Toujours plongé dans ses réflexions, Dennis regagne la table. Contemple son assiette, la casserole qui fume doucement.

— C’était Ernie Klusinski ?

— Oui, c’était lui.

Ça a été une étrange journée.

— Et qu’est-ce qu’il voulait ?

Dennis lui adresse un sourire en coin.

— Il chassait des têtes. La rumeur a couru qu’on m’avait rendu ma liberté, et la patronne d’Ernie a envie de me parler. Peut-être de m’engager.

— Mais c’est magnifique !

— Peut-être. Aerojet travaille sur les lasers basés à terre, la phase six de la D.M.B. – je n’aimerais pas du tout me retrouver mêlé à ça.

— Moi non plus.

— C’est une sacrée perte de temps ! (Il secoue la tête, revient au sujet de la conversation.) Mais c’est une boîte importante, il s’y passe des tas de choses. Si je pouvais entrer dans le bon département…

— Tu verras ça quand tu leur parleras.

— Oui. Mais… (Comment dire ça ? Il ne le comprend pas lui-même.) Je ne sais pas… Je ne sais pas si j’ai envie de replonger là-dedans. Ça serait continuer de faire la même chose. Toujours la même chose.

Il n’est pas sûr de ce qu’il éprouve. C’est bien d’être désiré, vraiment bien. Mais en même temps il ressent une sorte de désespoir, il se sent piégé – c’est sa vie, son travail, il n’y échappera jamais. Ça n’arrêtera jamais.

— Tu pourras régler ça quand tu les verras.

— Oui. Oh. Je lui ai dit que nous partions quelque temps en vacances.

— J’ai entendu ça.

Lucy sourit.

Dennis hausse les épaules.

— Ça serait bien qu’on voie notre propriété. (Il mange un instant, s’interrompt. Claque sa fourchette sur la table.) Ça a été une journée étrange.

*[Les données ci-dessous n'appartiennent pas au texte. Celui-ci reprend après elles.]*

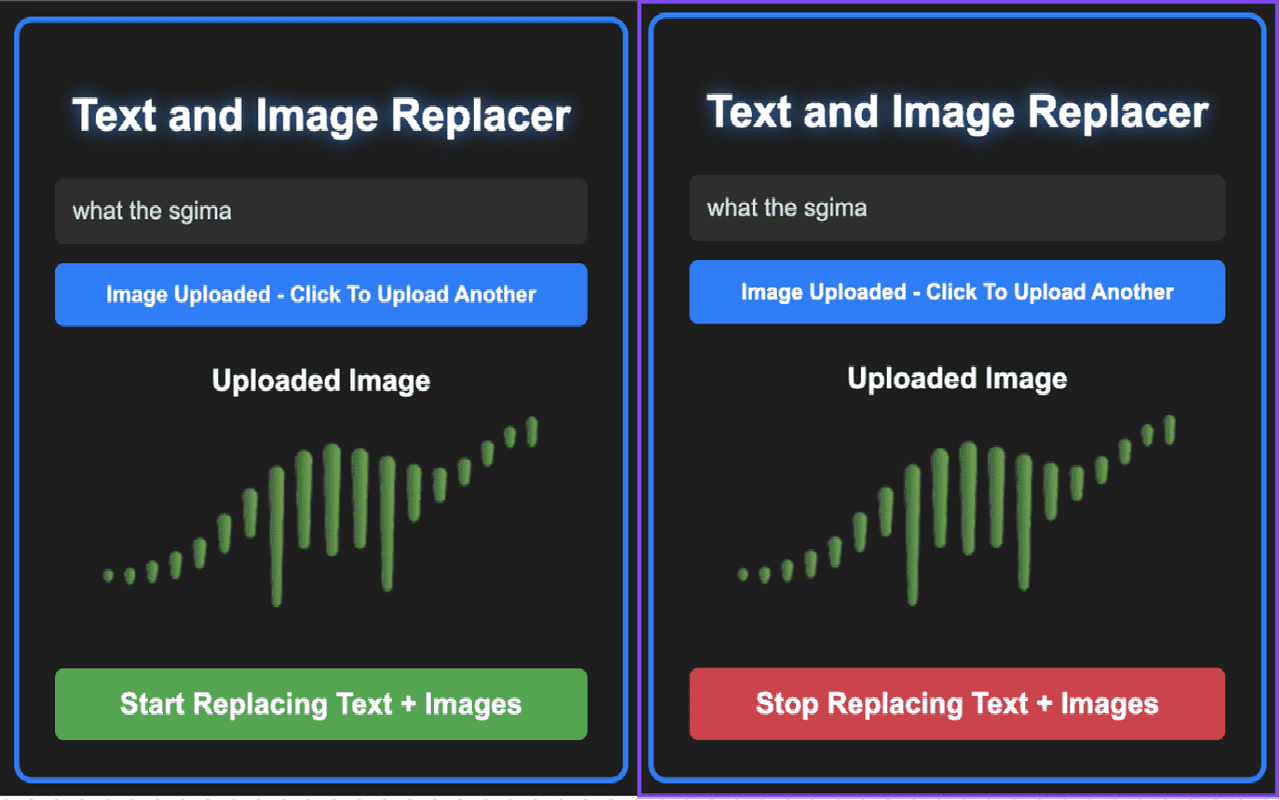 Text and Image Replacer Extension chrome谷歌浏览器插件_扩展第2张截图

Ce soir-là, ils font leurs valises et préparent la maison, exécutant un rituel de prédépart vieux de trente ans. Les idées de Dennis sont éparpillées et confuses, ses sentiments passent de l’incrédulité à la blessure, de la fureur à la torpeur, de l’amertume à une sorte de jouissance anticipée haletante, une impression de liberté. Il n’est pas obligé d’accepter le travail chez Aerojet, si on y regarde bien. D’un autre côté, il est libre de le faire. Il n’y a plus rien de certain. Tout peut arriver. Et il n’aura plus jamais à s’occuper de Foudre en Boule ; il n’aura plus jamais à supporter les rebuffades de Stewart Lemon. Plus jamais. Difficile à croire.

— Bon, il faudrait que j’appelle Dan Houston.

Il le fait à contrecœur, et il est plus soulagé qu’autre chose de tomber sur le répondeur. Il laisse un court message suggérant qu’ils se voient à son retour, et raccroche, songeur. Pauvre Dan, où est-il en ce moment ?

Lucy appelle Jim. Pas de réponse. Et son répondeur n’est pas branché.

— Je me fais du souci pour lui, dit-elle en faisant nerveusement une valise.

— Laisse-lui un mot sur l’écran de la cuisine. Il le trouvera quand il passera.

— D’accord. (Elle ferme la valise.) J’aimerais bien savoir… ce qui ne va pas chez lui.

Lui-même ne sait pas ce qui ne va pas chez lui, dit Dennis.

Il en veut encore à Jim d’être parti avant le dîner, la veille au soir. Ça a contrarié Lucy. Et c’était une discussion stupide ; Dennis s’étonne d’avoir pu parler autant qu’il l’a fait, surtout avec quelqu’un qui n’en savait pas assez pour comprendre. Même s’il devrait comprendre ! Il devrait. Enfin… Son fils est un cas. Une énigme.

— Ne nous en faisons pas pour lui ce soir.

— Très bien.

Dennis charge le coffre de la voiture. Au moment où ils se couchent, Lucy demande :

— Tu crois que tu vas prendre cette nouvelle place ?

— On verra ça en rentrant.

Et le lendemain matin à 5 heures, leur heure de départ traditionnelle, ils sortent de l’allée en marche arrière et tracent jusqu’à la Santa Ana Freeway, puis bifurquent vers le nord, et ils quittent le Comté d’Orange.